Saturday, October 15, 2016

The target article for your next analysis is "Epistemic agency," by Catherine Elgin. It is available here, and there is also a link to it on the schedule page under week 6 supplementary readings. First draft due 10/25. Final draft due 10/30.

Also, you will find this week's reading "Why knowledge is merely true belief," on Blackboard at the very bottom of the supplementary readings. The schedule originally looked like it linked to the article, but this was an error.

Friday, October 14, 2016

We will finish Pritchard's article fairly quickly on Tuesday. Please read Sartwell's "Why knowledge is merely true belief."  I will have study questions, quiz and discussion thread available by Sunday, but they will not be due until Wednesday night.

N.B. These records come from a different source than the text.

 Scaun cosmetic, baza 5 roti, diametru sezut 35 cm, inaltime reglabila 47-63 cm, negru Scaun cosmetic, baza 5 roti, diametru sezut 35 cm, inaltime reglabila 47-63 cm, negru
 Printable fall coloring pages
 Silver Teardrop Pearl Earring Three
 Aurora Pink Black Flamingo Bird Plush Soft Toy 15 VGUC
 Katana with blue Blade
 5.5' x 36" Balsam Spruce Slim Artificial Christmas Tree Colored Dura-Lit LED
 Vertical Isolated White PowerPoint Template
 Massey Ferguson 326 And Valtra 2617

For your thought question, please read this post. 
  • What is the strongest reason for rejecting the view advanced there?
  • Do you reject the view for this reason?  Why or why not?

Tuesday, October 11, 2016

We will finish Hannon's article on Thursday and get started on Pritchard's "Anti-Luck Virtue Epistemology."

Thought question for Thursday

Virtue epistemology holds that one knows that P only if ones true belief that P is produced by the exercise of a cognitive virtue.
  1. What do you think is the strongest objection to this view?
  2. What do you think is the strongest reply to this objection? 
  3. Do you think this reply is adequate? Why or why not?

Thursday, October 6, 2016

We're going to skip "Elusive Knowledge," and read Pritchard's "Anti-luck Virtue Epistemology" for next week.  However, we will start on that article on Thursday and questions and quiz won't be due until Wednesday night.

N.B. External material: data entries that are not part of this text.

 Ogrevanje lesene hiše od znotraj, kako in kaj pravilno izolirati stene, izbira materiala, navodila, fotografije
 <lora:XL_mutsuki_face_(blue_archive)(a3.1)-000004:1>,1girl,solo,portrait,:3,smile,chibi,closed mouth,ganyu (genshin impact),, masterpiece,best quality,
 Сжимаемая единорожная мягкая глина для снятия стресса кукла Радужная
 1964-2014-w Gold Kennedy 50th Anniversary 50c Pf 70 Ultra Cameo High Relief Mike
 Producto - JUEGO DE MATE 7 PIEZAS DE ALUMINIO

For Tuesday we will finish Hannon's article.

Thought question for Tuesday:

There are hundreds of religions in your world, all fervently believed by millions of people. However, you are lucky enough to have been born into the correct one: Önism. Everything in your holy book, The Önid, is in fact the word of the Supreme Being, Ön, dictated by Ön through a perfectly reliable process. You learned the precepts of Önism as a child and have never seriously questioned them. 
Everything in the holy books of the other religions relating to creation and the afterlife is false. But the Önid is no more convincing to members of other religions than the holy books of other religions are to Önists. Atheists exist in large numbers, and they find the Önid to be puerile nonsense, just like all the other religions. 
Do your Önist beliefs count as knowledge? Explain. Does your explanation incline you to internalism or externalism?

Tuesday, October 4, 2016

For Thursday we will be starting on the Michael Hannon article "Fallibilism and the value of knowledge." Quiz and discussion question are due tomorrow night.

Thought question for Thursday"

Watch this TED talk by Rebecca Saxe on the false belief task. Explain how it might be brought to bear on questions about the nature of knowledge. If you don't think it raises any such questions, explain why.

Sunday, October 2, 2016

Thought question for Tuesday is on previous post. Study questions, quiz and discussion question thread covering the next article have all been posted. Quiz and discussion question are due Wednesday night.

Saturday, October 1, 2016

Thought question for Tuesday:

You study hard for your psychology exam and you go to class confident that you are going to do well. When you sit down to the test, you begin to read the questions. They sound familiar, but for some reason you are just drawing a blank. You begin to get nervous, and this makes it even worse. As the time passes, nothing improves. You almost get up and leave, but you realize that's stupid and you at least need to try. So you just start guessing. You turn the test in at the end of the period sure that you have done poorly. But when the test is returned it turns out you got an A: 94%.
Question: Did you know the answers to the test? Explain why or why not in a way that shows what your answer implies about your views concerning the nature of knowledge itself.  
In consideration of the fact that you do not have extra reading or a quiz to take for Tuesday I have postponed the Analysis due date until Monday.

I will post a thought question for Monday shortly, however.